La Marche mondiale des femmes

No 37 - déc. 2010 / jan. 2011

La Marche mondiale des femmes

Comment le gouvernement du Québec a été forcé de dévoiler son jeu

Charlotte Dussault

La Marche mondiale des femmes (MMF) est un mouvement né dans la foulée de la Marche du pain et des roses organisée par la Fédération des femmes du Québec en 1995. C’est un mouvement international de féministes de plus de 60 pays qui luttent contre la pauvreté et la violence envers les femmes. La troisième action internationale de la Marche se tenait cette année.

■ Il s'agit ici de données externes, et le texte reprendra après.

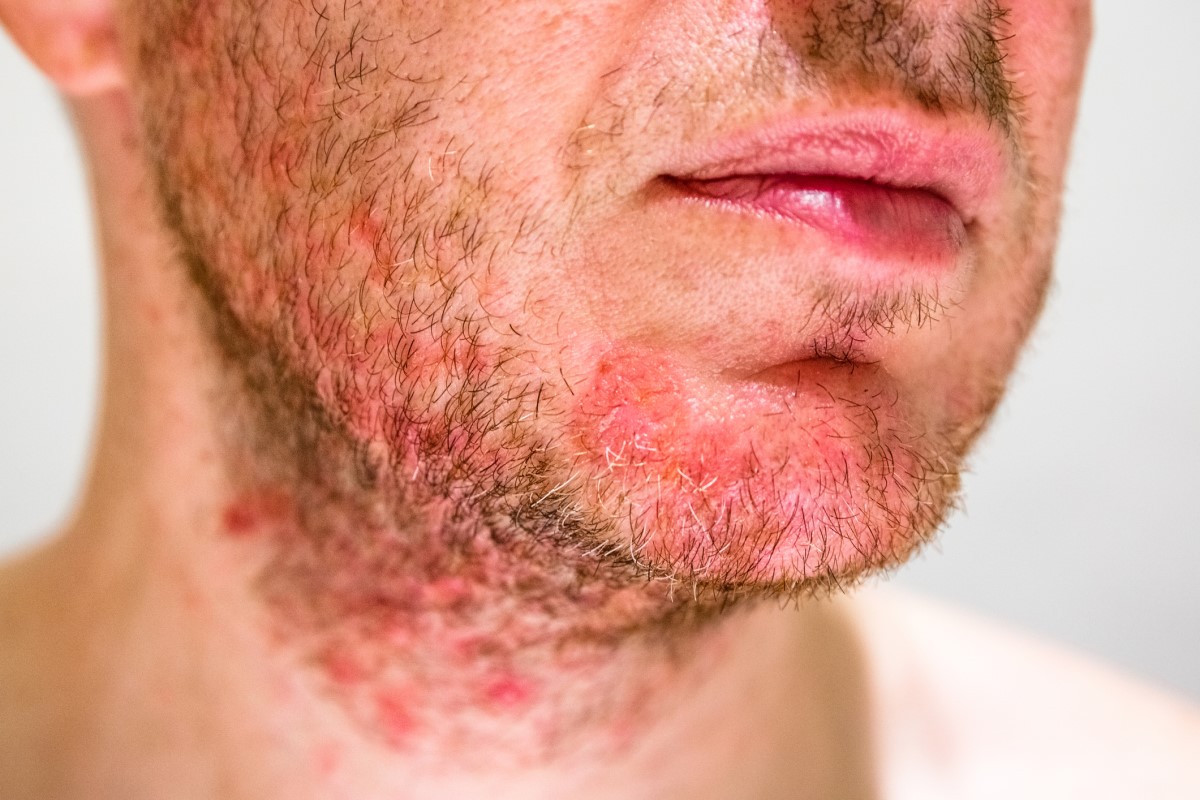 Muž so seboreou na brade, tvár začervenaná s príznakom dermatitídy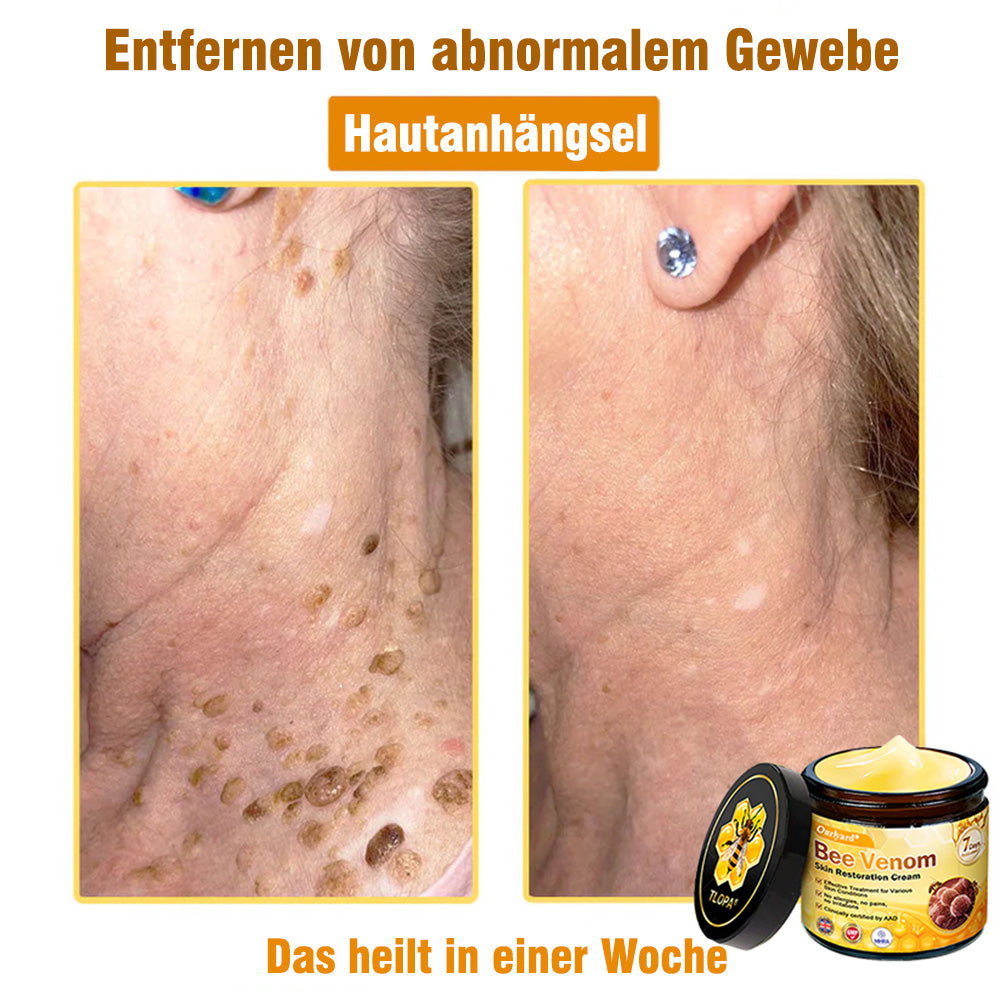 🌟Hergestellt und versendet aus Deutschland💖  Ourlyard® Bienengift Hautregenerationscreme 🔥 LETZTER TAG 80 % RABATT 🌟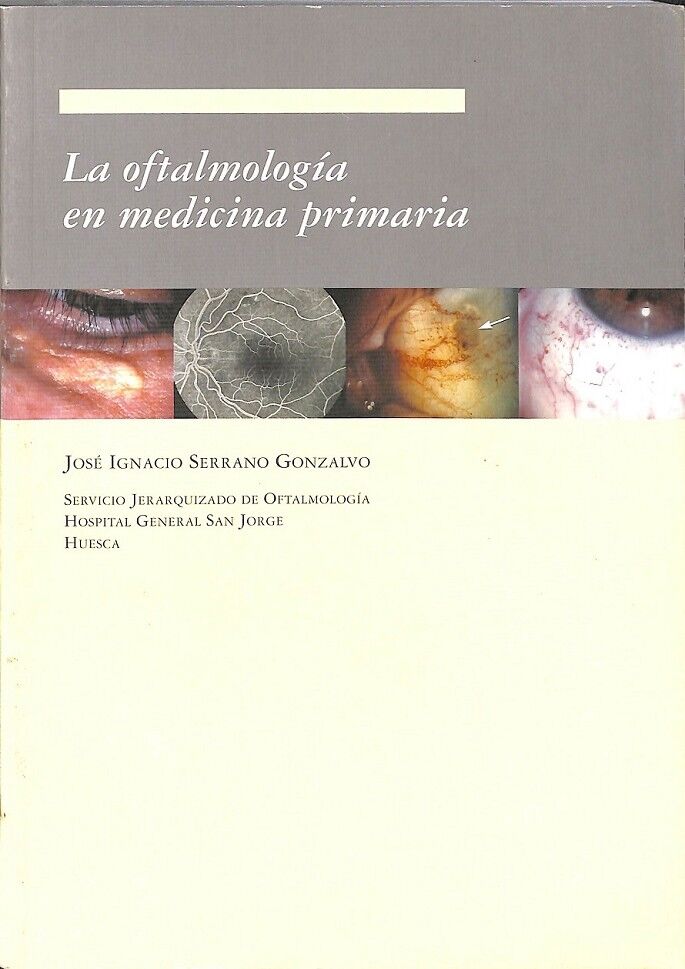 La Oftalmología en Medicina Primaria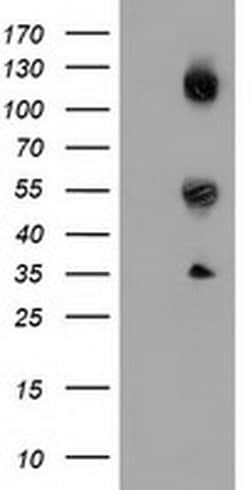 CALCOCO2 Monoclonal Antibody (OTI7A7), TrueMAB , OriGene 30 &mu;L; Unconjugated:Antibodies,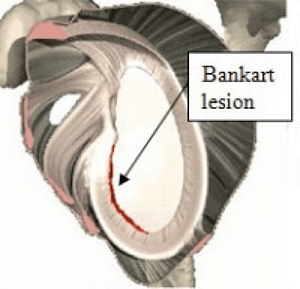 Shoulder Labrum Tears - Englewood, NJ - High Mountain Orthopedics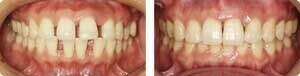 すきっ歯 (空隙歯列) の治療方法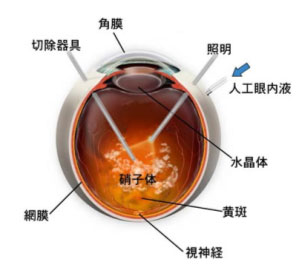 網膜硝子体手術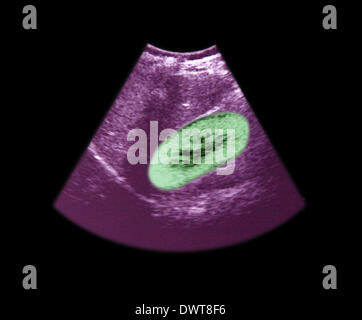 Kidney ultrasound scan Stock Photo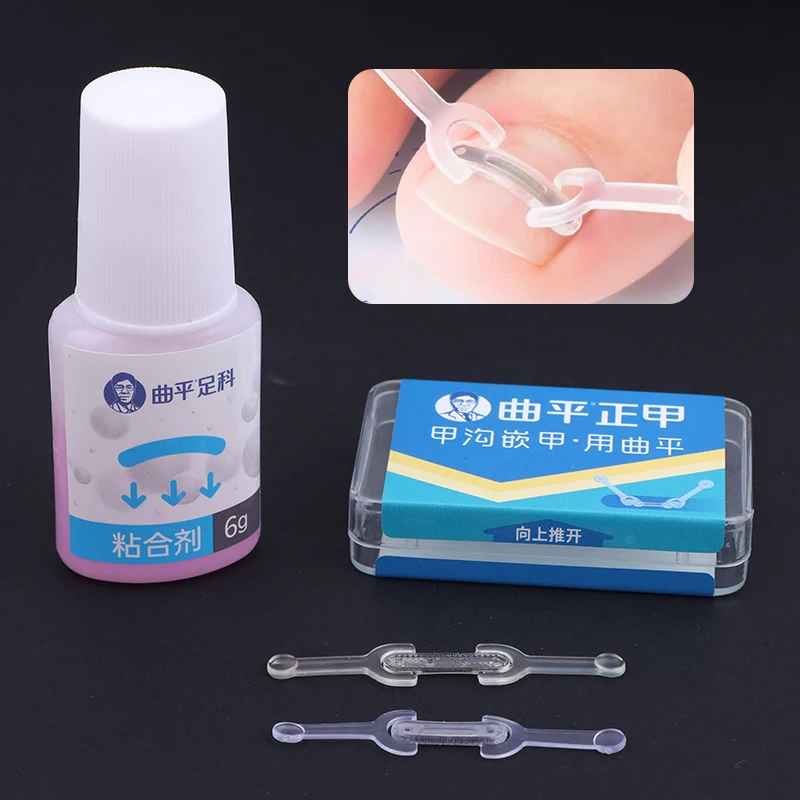 Nagelverzorging Ingegroeide teennagel Correctie Ingegroeide teen Nagelbehandeling Elastische patch Sticker Rechttrekken Clip Brace Pedicure Tool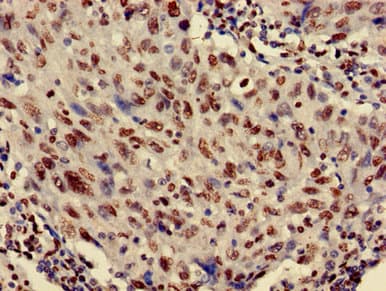 HIST1H3A Antibody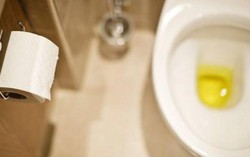 Khi đi vệ sinh nếu thấy 3 dấu hiệu này xuất hiện, nên đi khám gan ngay kẻo muộn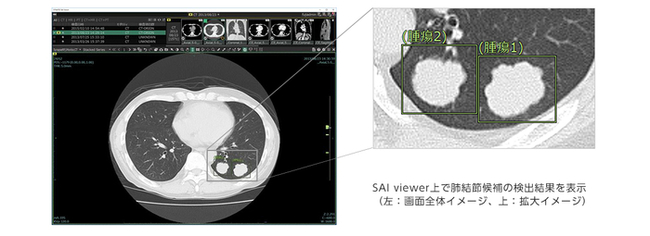 Ai技術 1を活用して肺がん診断における胸部ct画像の肺結節 2検出を支援 Aiプラットフォーム Synapse ニコニコニュース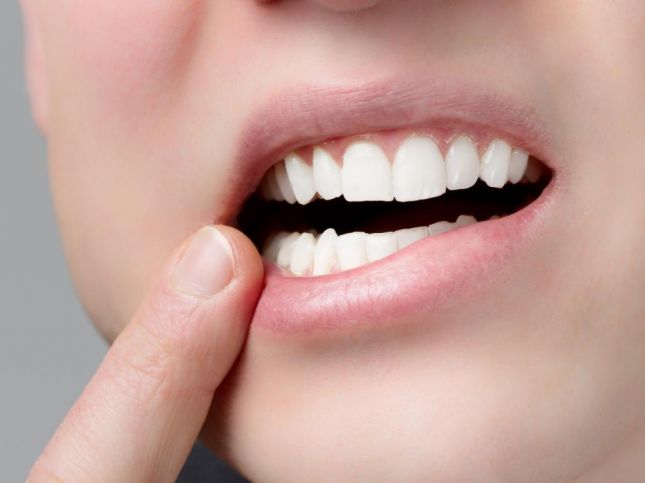 3 وصفات طبيعية للقضاء على تقرحات الفم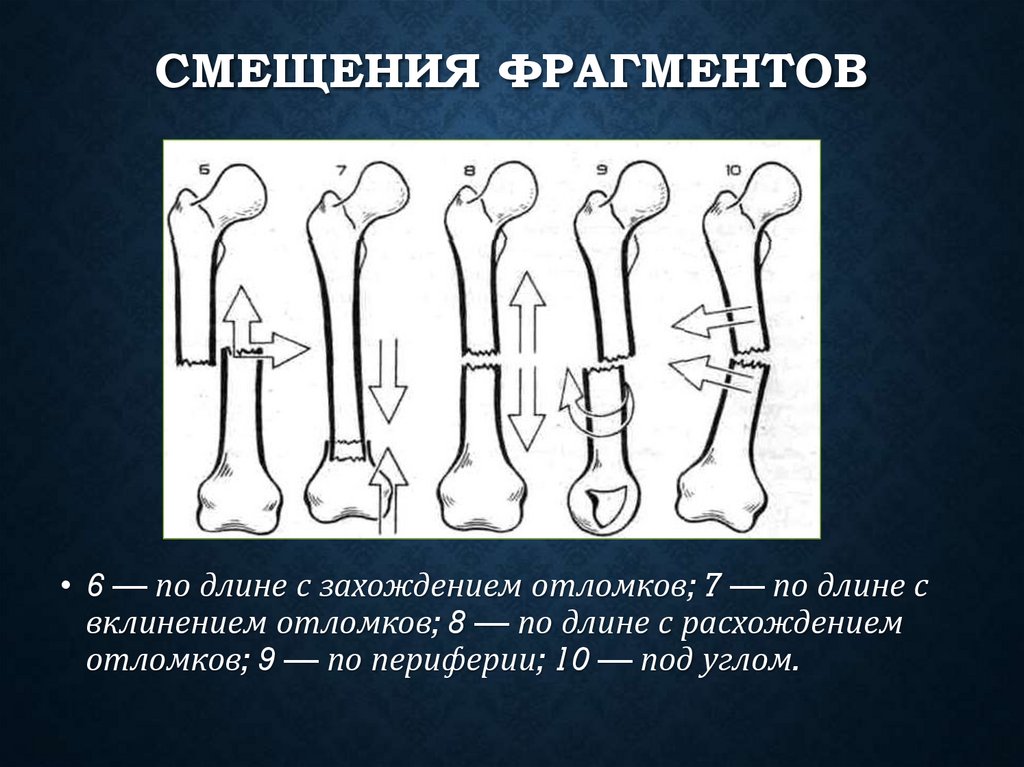 Смещения фрагментов
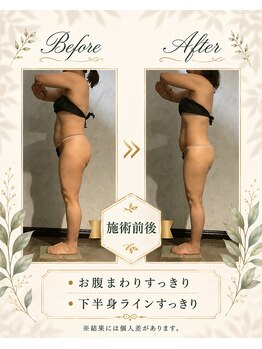 リンガ(Ringa)/施術前後で変わる横姿
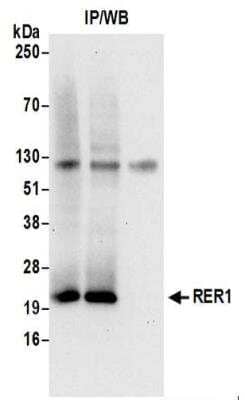 Immunoprecipitation: RER1 Antibody [NBP2-37700] - Whole cell lysate (0.5 or 1.0 mg per IP reaction; 20% of IP loaded) from 293T cells prepared using NETN lysis buffer.    Affinity purified rabbit anti-RER1 antibody used for IP at 6 ug per reaction.  RER1 was also immunoprecipitated by rabbit anti-RER1 antibody.  For blotting immunoprecipitated RER1,  was used at 1 ug/ml.  Detection: Chemiluminescence with an exposure time of 10 seconds.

Quel bilan peut-on en proposer ?

Puisque la MMF est un mouvement international, c’est au niveau mondial que les champs d’action et de lutte sont déterminés. En 2010, les femmes du monde entier défendaient l’autonomie économique des femmes, le bien commun et l’accès aux ressources, la non-violence envers les femmes et la paix et la démilitarisation. Au Québec, nous avons choisi d’ajouter à ces champs d’action les droits des femmes autochtones, et ce, en solidarité avec le groupe Femmes autochtones du Québec.

Féminisme ou affaires de femmes ?

Avant même le début de la Marche, on nous a accusées de tirer dans tous les sens et, surtout, de ne pas se préoccuper d’affaires de femmes. Ces accusations démontrent qu’encore aujourd’hui on pense que les femmes devraient s’occuper de ce qui les regarde, comme la maternité et tout ce qui l’entoure : grossesse, avortement, enfants, garderies, éducation à la limite. Or, les femmes ne sont pas que des mères. Cette accusation reflète non seulement une attitude patriarcale, mais aussi l’anti-féminisme latent de notre société.

Outre le fait que les femmes ont le droit de militer pour la justice sociale et qu’elles ne devraient pas être tenues de ne se préoccuper que de sujets féminins, notons que toutes nos revendications touchaient les femmes, directement et indirectement. Par leurs revendications et par leurs actions, les marcheuses ont contribué à ouvrir des débats de société incontournables sur le rôle du privé et de la tarification dans le système de santé, l’augmentation des frais de scolarité, les effets nocifs des publicités sexistes, la lutte à la pauvreté, la nécessité de revenir à des cours d’éducation sexuelle à l’école, le recrutement militaire et la guerre en Afghanistan, la défense du droit des femmes au libre choix en matière d’avortement et l’attitude méprisante du gouvernement canadien à propos de la Déclaration des Nations unies sur les droits des peuples autochtones.

Les réactions gouvernementales

Comment les gouvernements ont-ils réagi à nos demandes ? Du côté du gouvernement du Canada : Silence radio ! Par contre, notre capsule vidéo sur la militarisation a fait réagir l’armée canadienne et certaines mères de soldats morts en Afghanistan qui ont attaqué notre critique de cette guerre en affirmant, entre autres, qu’il était impensable que des femmes soient contre une guerre qui veut sauver d’autres femmes.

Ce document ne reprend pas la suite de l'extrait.